Mathias - Cliquenabend

Mathias Rekasch

Letztens war ich mal wieder bei mir zuvor noch unbekannten Spieler:innen zu Gast für einen Spielenachmittag. Gefunden hat man sich über die Seite www.gesellschaftsspieler-gesucht.deUnd plötzlich waren sie wie so oft weg: die Sorgen. Es wurde gespielt, gelacht, gehadert und diskutiert. Und nach mehreren Stunden verabschiedete man sich und hat auf jeden Fall beschlossen dies bei Gelegenheit zeitnah zu wiederholen. Die Tage danach waren sie aber wieder da: die Sorgen. 

Es ist schon absurd, dass sich bei mir im Kopf immer noch die Sorge um etwas breit macht, was im Alltag einiger Menschen schon länger keine oder kaum noch eine Rolle zu spielen scheint: Corona. Und damit meine ich natürlich nicht die schwer erkrankten Menschen auf den Intensivstationen und deren Angehörige, die Hinterbliebenen der leider verstorbenen Menschen oder das überlastete Klinikpersonal. Aber ich kann es nicht ausblenden. Obwohl ich 2020 infiziert war und dies verhältnismäßig gut überstanden habe. Obwohl ich mittlerweile dreimal geimpft bin – mit drei verschiedenen Impfstoffen. Jedes Mal, wenn ich etwas Schönes unternehme, überlege ich: war dies schlau? Was, wenn ich mich wieder infiziere? Was, wenn ich andere Leute durch mein Verhalten anstecke? Klar, teste ich mich jedes Mal vor einer Aktivität – egal ob Spieleabend, Kinoabend, Familientreffen oder ein Handballspiel des eigenen Sohnes – und danach. Nahezu täglich. Und dennoch ist der Kopf nicht immer frei. 

Dabei verhalte ich mich so besonnen, wie ich kann. Ich trage bei Kontakten im Büro eine FFP2-Maske; beim Einkaufen ebenso. Und im ÖPNV ist es sowieso noch vorgeschrieben. In den letzten gut zwei Jahren habe ich mich über lange Zeit so gut wie gar nicht mit Leuten zum Spielen verabredet. Insgesamt abseits der „Messe-Woche“ in den letzten beiden Jahren, wo ich im Oktober einmal ein verlängertes Wochenende und einmal eine Woche im Frankfurter Hauptquartier von Cliquenabend sein durfte, nur mit vier verschiedenen Haushalten seitdem. Die beiden inzwischen entstandenen Spiele-Cafés in meiner Heimatstadt Kiel habe ich immer noch nicht besucht. Dabei ist spielen so wichtig für mich. Das Abschalten vom Alltag, das Eintauchen in andere Welten, der Spaß mit Gleichgesinnten über dieses wundervolle Hobby zu sprechen, sich auszutauschen. Ganz zu schweigen davon, dass man als sogenannter „Blogger“ ohnehin ein Interesse an möglichst vielen verschiedenen Spielen und dem Spielen mit möglichst unterschiedlichen Gruppen haben sollte. Zuletzt waren dies eher die eigene Familie und wenige weitere Bekannte. 

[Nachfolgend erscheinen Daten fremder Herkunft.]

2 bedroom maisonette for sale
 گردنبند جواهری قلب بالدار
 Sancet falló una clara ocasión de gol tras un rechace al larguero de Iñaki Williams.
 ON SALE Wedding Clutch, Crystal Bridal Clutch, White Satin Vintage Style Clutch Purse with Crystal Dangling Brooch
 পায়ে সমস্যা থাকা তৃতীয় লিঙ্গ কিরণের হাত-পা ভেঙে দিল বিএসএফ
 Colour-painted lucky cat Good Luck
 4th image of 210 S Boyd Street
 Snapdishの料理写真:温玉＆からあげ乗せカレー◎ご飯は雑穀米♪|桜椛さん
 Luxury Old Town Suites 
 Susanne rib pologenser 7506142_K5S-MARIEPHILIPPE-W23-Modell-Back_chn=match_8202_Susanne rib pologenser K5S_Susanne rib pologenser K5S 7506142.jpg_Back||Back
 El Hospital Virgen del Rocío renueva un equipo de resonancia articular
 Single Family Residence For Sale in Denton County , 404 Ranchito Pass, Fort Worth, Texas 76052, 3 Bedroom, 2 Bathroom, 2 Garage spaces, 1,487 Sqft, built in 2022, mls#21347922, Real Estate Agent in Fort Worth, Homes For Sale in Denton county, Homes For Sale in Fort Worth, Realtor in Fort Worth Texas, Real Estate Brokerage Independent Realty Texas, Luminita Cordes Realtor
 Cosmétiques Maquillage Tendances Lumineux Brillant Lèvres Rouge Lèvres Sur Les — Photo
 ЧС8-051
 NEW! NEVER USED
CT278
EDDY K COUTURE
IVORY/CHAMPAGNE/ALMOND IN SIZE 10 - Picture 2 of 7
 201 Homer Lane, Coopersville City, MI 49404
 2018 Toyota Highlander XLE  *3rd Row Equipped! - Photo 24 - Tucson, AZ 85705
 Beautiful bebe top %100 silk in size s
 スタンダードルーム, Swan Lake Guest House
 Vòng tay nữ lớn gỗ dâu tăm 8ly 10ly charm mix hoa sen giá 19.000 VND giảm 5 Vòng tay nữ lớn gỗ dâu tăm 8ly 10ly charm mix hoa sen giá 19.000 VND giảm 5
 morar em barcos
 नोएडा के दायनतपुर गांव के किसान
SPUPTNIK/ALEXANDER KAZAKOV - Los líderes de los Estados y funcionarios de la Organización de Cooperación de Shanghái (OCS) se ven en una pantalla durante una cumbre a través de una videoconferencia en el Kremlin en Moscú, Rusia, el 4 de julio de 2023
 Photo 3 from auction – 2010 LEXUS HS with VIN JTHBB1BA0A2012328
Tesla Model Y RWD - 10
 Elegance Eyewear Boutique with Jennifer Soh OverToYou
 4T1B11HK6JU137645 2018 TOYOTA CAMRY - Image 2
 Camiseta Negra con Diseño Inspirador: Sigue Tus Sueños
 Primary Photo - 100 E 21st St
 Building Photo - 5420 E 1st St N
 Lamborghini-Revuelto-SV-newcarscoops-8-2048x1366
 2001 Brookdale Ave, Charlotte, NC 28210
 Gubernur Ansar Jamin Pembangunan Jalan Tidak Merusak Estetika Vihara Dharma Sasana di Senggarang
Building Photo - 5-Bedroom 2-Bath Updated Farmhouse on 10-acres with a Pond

Vermutlich muss ich mich mehr dazu zwingen, offensiver sein. Nicht mehr so sehr auf die eigenen Bedenken hören wie „Du kannst im Job jetzt auf keinen Fall fehlen“ oder „wenn andere Leute sich bei Dir anstecken und schwer daran erkranken, trägst Du die Verantwortung“. Und es gab und gibt sie ja: die Lichtblicke. Die Spieleabende, die stattfanden, der Urlaub über Ostern mit der erweiterten Familie, der anstehende erste Messebesuch seit Februar 2020 mit dem Herner Spielewahnsinn in zwei Wochen. Und vor allem mein erstes Cliquenabend Gathering Ende Juni/Anfang Juli. Außerdem muss ich auch wieder mal nach Essen zur SPIEL. Da freue ich mich drauf. Denn es bedeutet Abschalten vom Alltag und Spaß. Und das braucht man auch für die eigene Seele. 

Man kann doch spielen und umsichtig sein … oder?!